Let me be clear about speaking in tongues. It is described in the Bible as a spiritual gift, and I don’t believe anything has changed in the way God interacts with humans. But the Bible does not present speaking in tongues as the only evidence of being filled or baptized with the Spirit. The Bible also places strict limitations on how the gift of tongues is practiced in the church, and those parameters are largely ignored in churches that claim this as a gift given to all believers.

As I have observed, “speaking in tongues” is practiced this way: During a prayer or a song or a time of teaching, multiple members of the congregation — if not most — begin to speak in an unintelligible way they later claimed to be glossolalia (speaking in an angel language). Often, the person leading the prayer/song/sermon will also begin to speak in this way. No one interprets what anyone else is saying.

In Acts, new believers begin to speak in tongues three times, and Pentecost, one of those times, was the one-time establishment of the church age. More often in Acts, new believers receive the Holy Spirit without speaking in tongues. Additionally, in Acts 1:8, Jesus promises supernatural power, not speaking in tongues, as the result of the Holy Spirit baptizing believers.

There is only one place in the Bible where specific instruction on how to practice speaking in tongues is given. These instructions are given in 1 Corinthians 12-14, apparently because the churches in Corinth — one of the most immature and sinful churches addressed in the New Testament — were practicing tongues the same way many churches do today, and such practice is wrong and damaging to a church.

In 1 Corinthians 12, Scripture is clear that there are a variety of gifts, and that not everyone receives all gifts (1 Corinthians 12:4-6). In verse 28, Paul lists several spiritual gifts. He uses the word “first” in the sense of priority rather than time. So the most authoritative gift was apostleship. Jesus thought apostleship was so important that he spent the majority of his earthly ministry developing the apostles. Most of the miracles done and enigmatic things said in front of large crowds were for the apostles’ benefit, not the crowd’s.

The second to last gift in Paul’s list in verse 28 is administrations. This is exactly what you’d think: being an administrator (managing affairs, organizing information, logistics, finances, boring business stuff, etc.). The ability to do the phenomenally dull business of church administration is ranked, by Scripture, above speaking in tongues. So why do so many churches focus so much more on tongues than “teaching” or “helps?”

1 Corinthians 14 concedes that speaking in tongues may actually be communication with God, but it will not profit anyone else in the gathering, saying, “The one who speaks in tongues edifies himself.” (1 Corinthians 14:4)

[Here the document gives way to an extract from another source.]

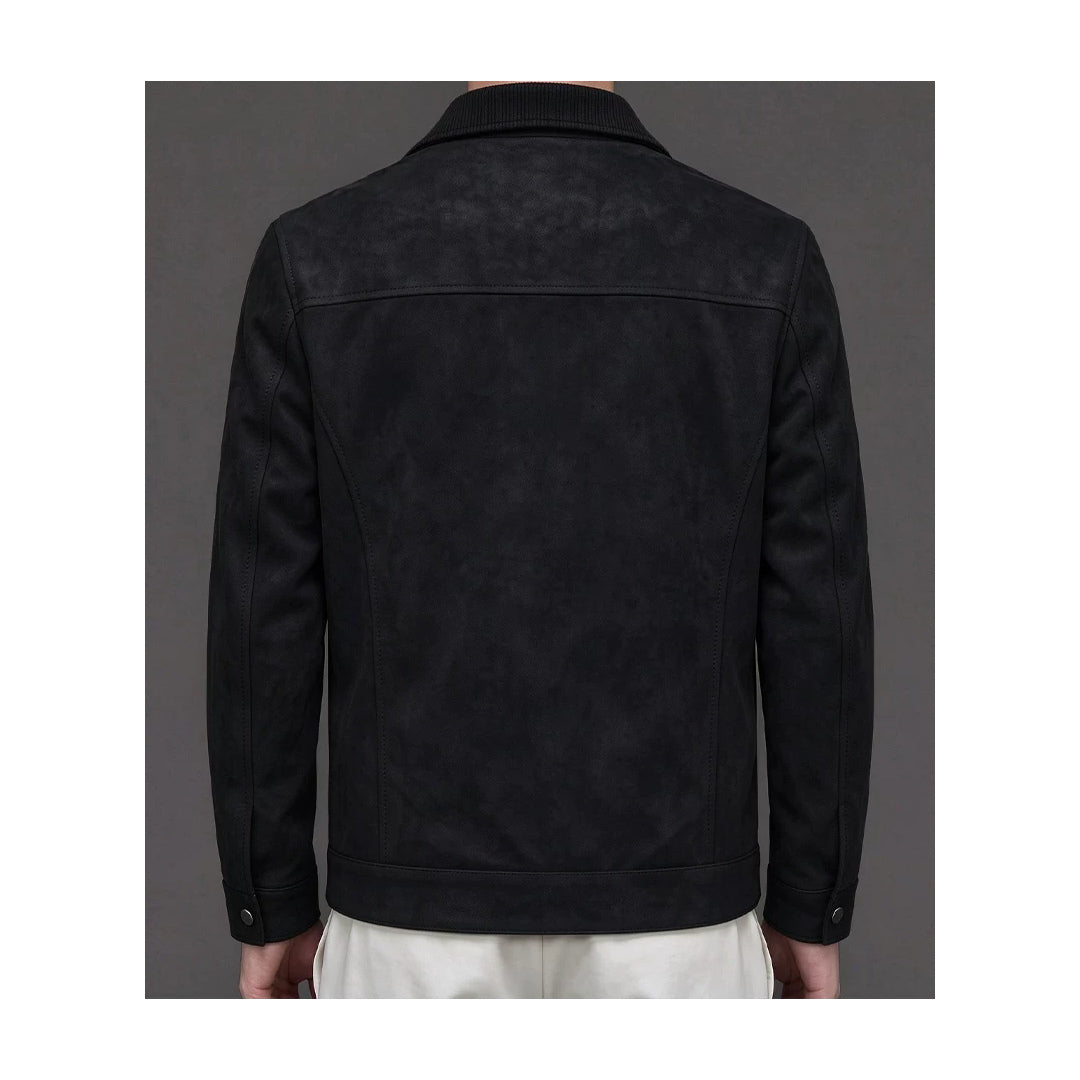 M1274 08_black_back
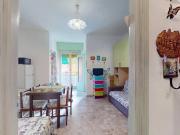 Appartamento in vendita a Borghetto Santo Spirito SV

Verse 22 goes on to say that speaking in tongues is a sign for unbelievers, presumably that they might hear a language they know and understand and be convinced of the gospel. Verse 23 warns that if speaking in tongues is not practiced in an orderly fashion, unbelievers will repelled rather than convinced.

Verses 27 and 28 do not suggest, but require and command that those speaking in tongues do so only one at a time, that only two or three exercise that gift in a gathering, and that an interpretation be given for each tongue.

Violating any requirement of Scripture is sin. The requirements of 1 Corinthians 14:27-28 are violated at an institutional level by numerous churches in our city, state and country.

But the greatest case against the assertion by many churches that believers are not “baptized in the Holy Spirit” if they do not speak in tongues is the simple fact that Jesus Himself did not speak in tongues. He healed the sick, he preached the gospel, he raised the dead and he loved every person he met with a perfect love. We even saw the Spirit “descending like a dove and coming to rest on him” at his baptism (Matthew 3:16). But not once did Jesus ever speak in tongues. Not once did Jesus even talk about speaking in tongues in any book of the Bible.

I realize that this is an argument from silence, but to claim the contrary would be to read into the Scriptures something that plainly isn’t there based on a theological bias rather than a desire for truth. It is conspicuously lacking from the accounts of Jesus’ life. On top of that, the practice of tongues seemed to be something the crowds in Acts 2 — the same ones who witnessed Jesus’ teaching, miracles and crucifixion — had never seen before.

So if speaking in tongues isn’t the only valid evidence of being baptized with the Spirit, what is?

In 1 John 5:13, after affirming the gospel that eternal life is found through faith in Jesus alone, John says, “I write these things to you who believe in the name of the Son of God that you may know that you have eternal life.” Have you believed in the Son of God? Then you have eternal life.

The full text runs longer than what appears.